▸ Assignment
Using the data below, restate exactly every line from the one with "wedding - Jogging" up to and including the one with "Calvin Klein Sneakers". No picture belongs in it.

▸ Provided data
○ ○ ○
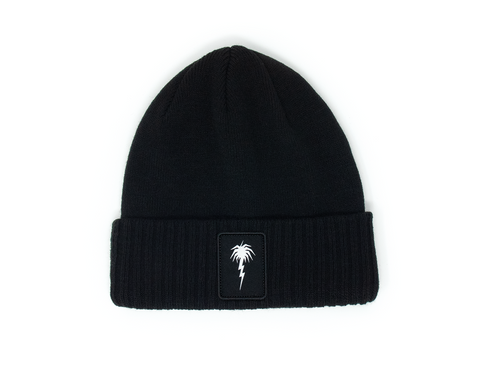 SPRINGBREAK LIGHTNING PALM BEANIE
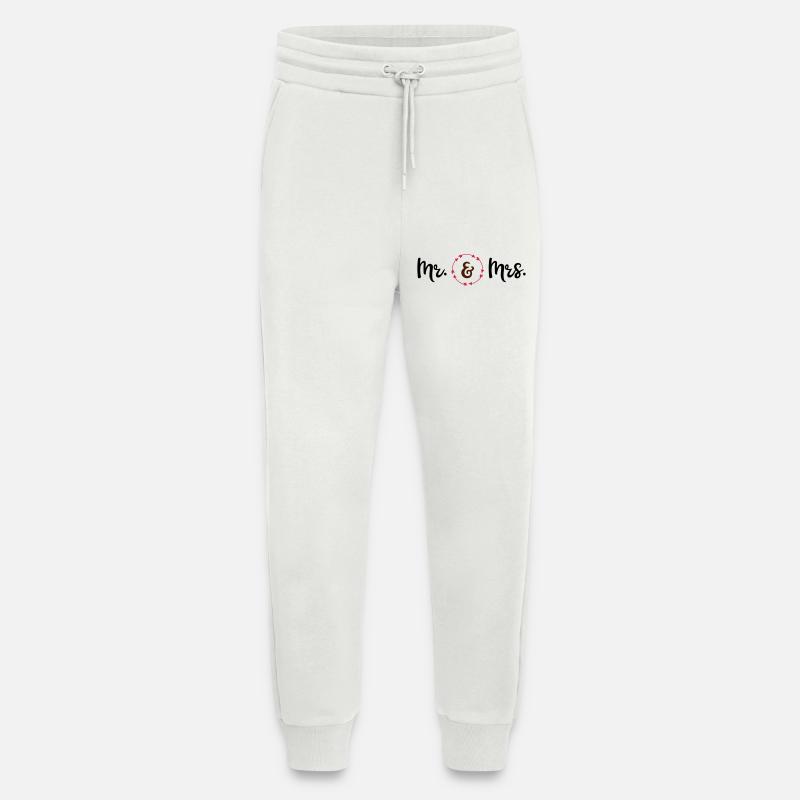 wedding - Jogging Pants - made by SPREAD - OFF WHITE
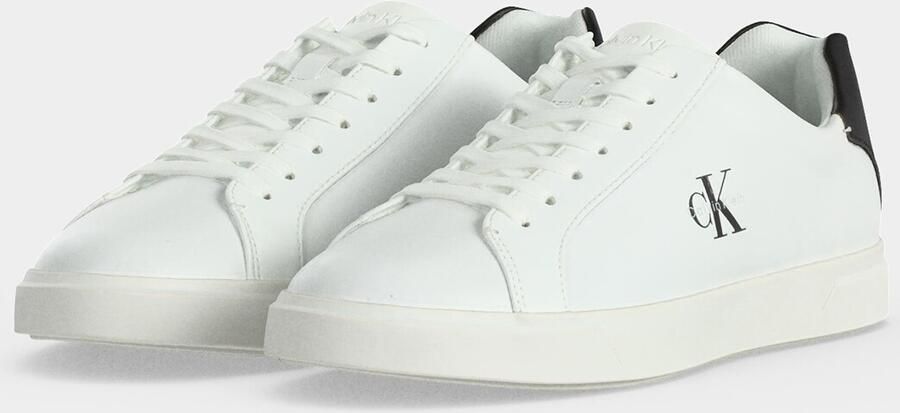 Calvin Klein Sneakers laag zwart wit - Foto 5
○ ○ ○
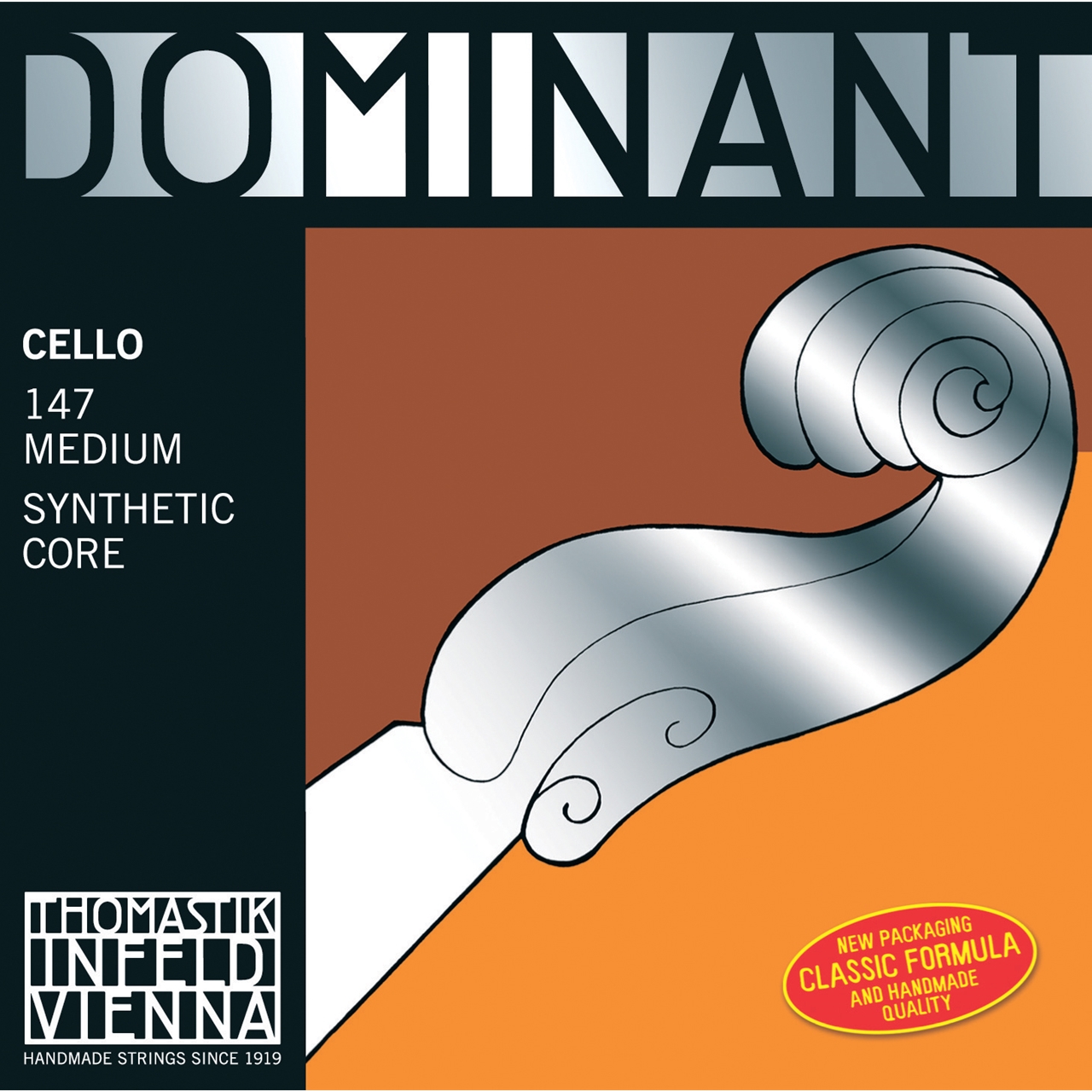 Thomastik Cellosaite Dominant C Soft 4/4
○ ○ ○
▸ Answer for this exercise
 wedding - Jogging Pants - made by SPREAD - OFF WHITE
 Calvin Klein Sneakers laag zwart wit - Foto 5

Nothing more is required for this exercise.